(Web page caption snippets)

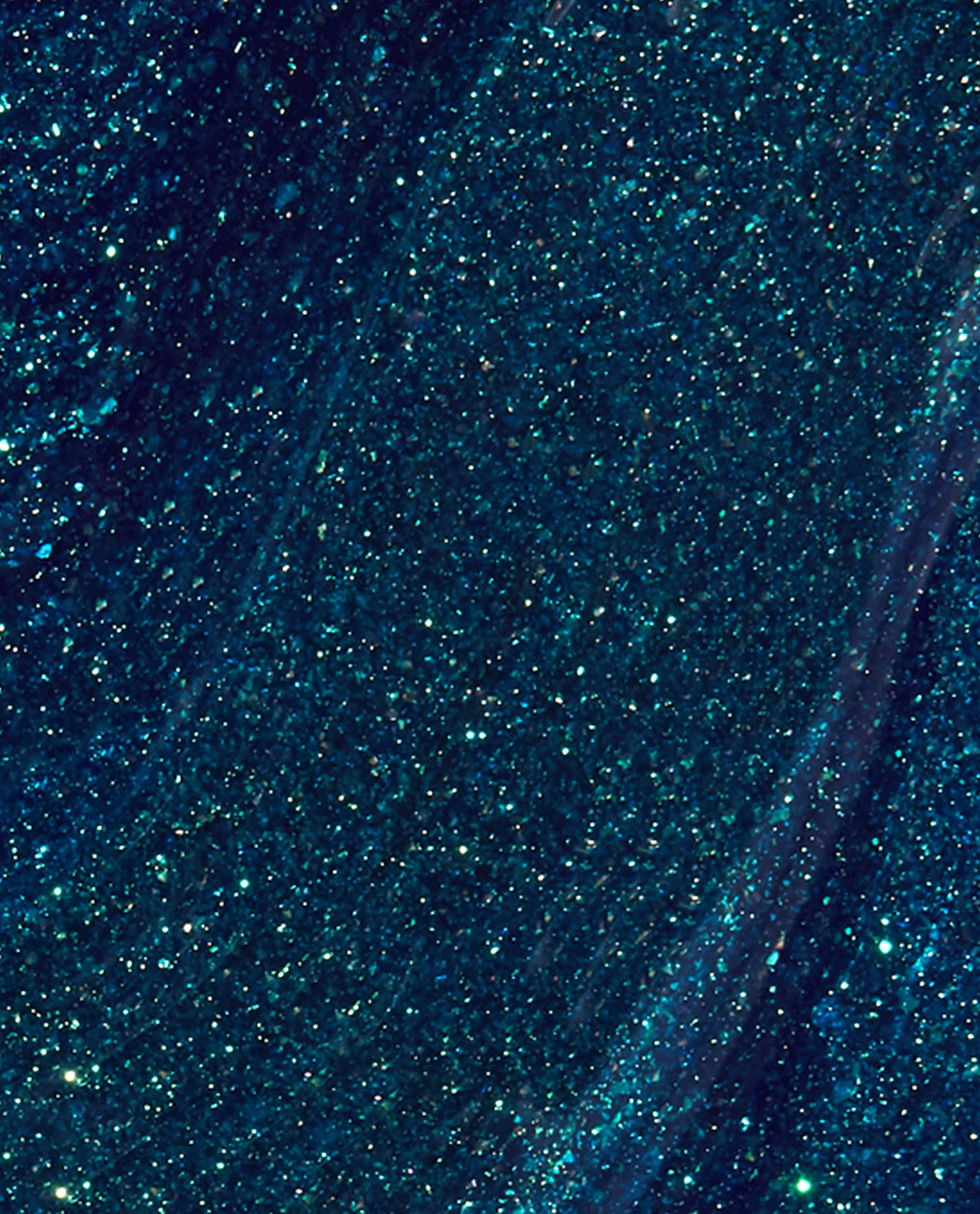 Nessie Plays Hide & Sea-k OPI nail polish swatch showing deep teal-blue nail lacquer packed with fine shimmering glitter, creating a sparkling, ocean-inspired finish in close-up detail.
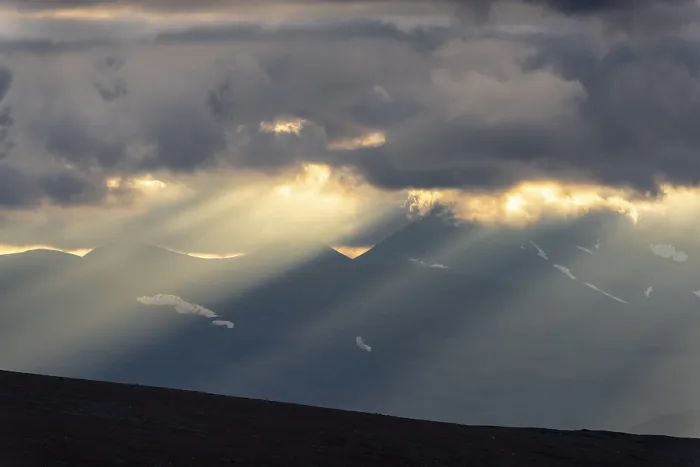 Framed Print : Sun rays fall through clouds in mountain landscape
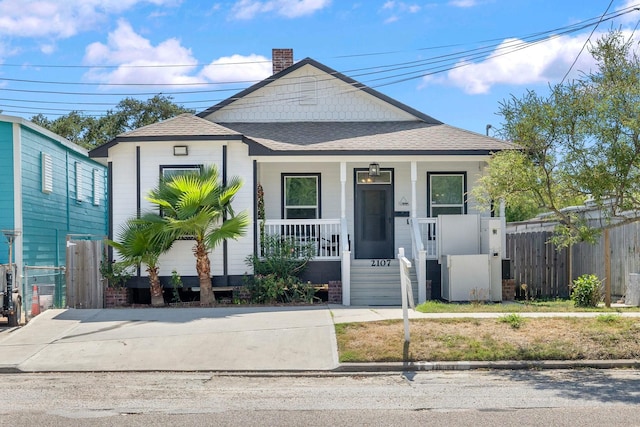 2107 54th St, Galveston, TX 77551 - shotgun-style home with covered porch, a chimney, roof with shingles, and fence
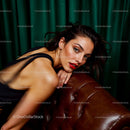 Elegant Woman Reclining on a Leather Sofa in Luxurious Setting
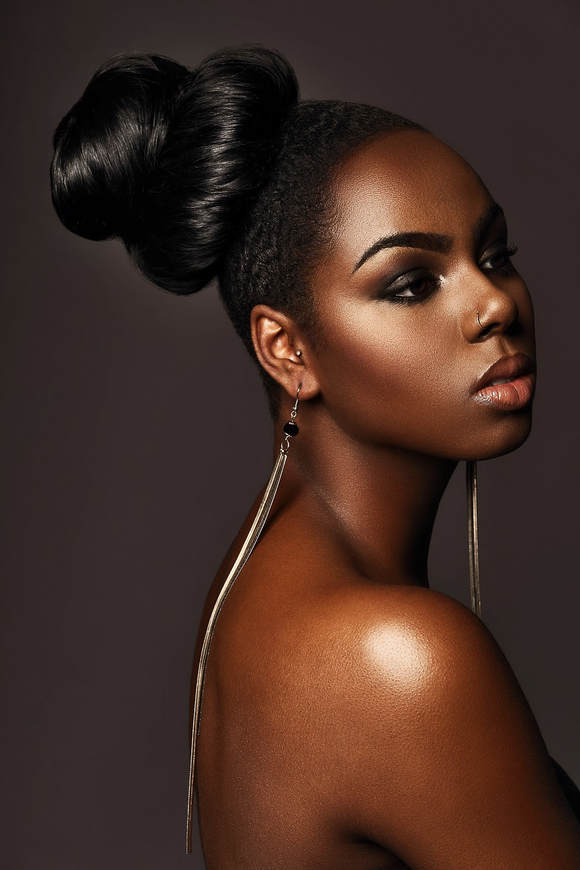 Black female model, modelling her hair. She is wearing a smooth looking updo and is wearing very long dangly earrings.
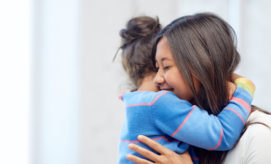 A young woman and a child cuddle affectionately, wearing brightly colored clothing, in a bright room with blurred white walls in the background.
* * *
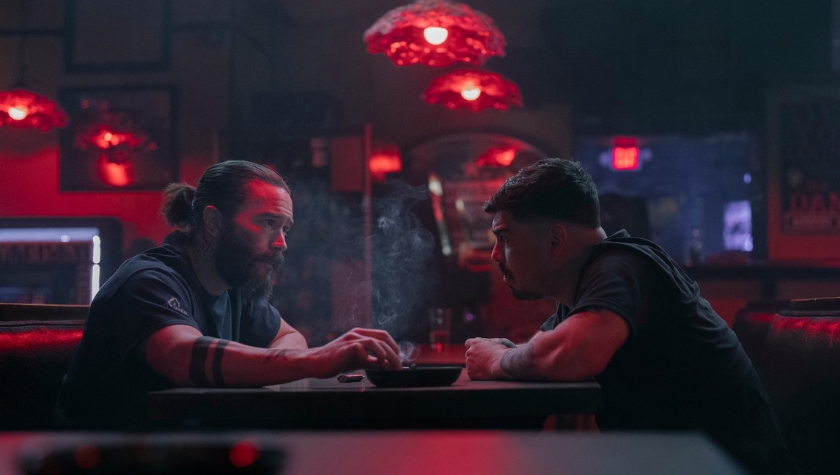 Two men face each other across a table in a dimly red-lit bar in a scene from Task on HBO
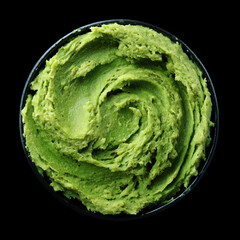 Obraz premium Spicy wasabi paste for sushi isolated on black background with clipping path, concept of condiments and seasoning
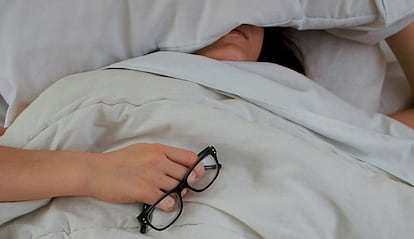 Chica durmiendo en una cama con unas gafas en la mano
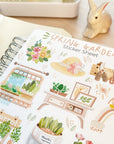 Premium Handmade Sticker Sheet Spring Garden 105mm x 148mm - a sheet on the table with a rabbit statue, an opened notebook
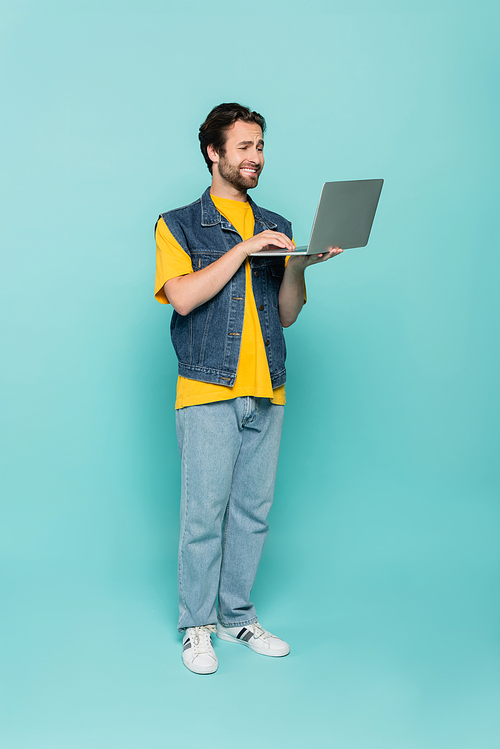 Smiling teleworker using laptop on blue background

### Assignment:
Out of the records above, set down only the lines from the one that contains "Elegant Woman Reclining" through the one that contains "A young woman", unchanged and without the pictures.

### Response to this exercise:
 Elegant Woman Reclining on a Leather Sofa in Luxurious Setting
 Black female model, modelling her hair. She is wearing a smooth looking updo and is wearing very long dangly earrings.
 A young woman and a child cuddle affectionately, wearing brightly colored clothing, in a bright room with blurred white walls in the background.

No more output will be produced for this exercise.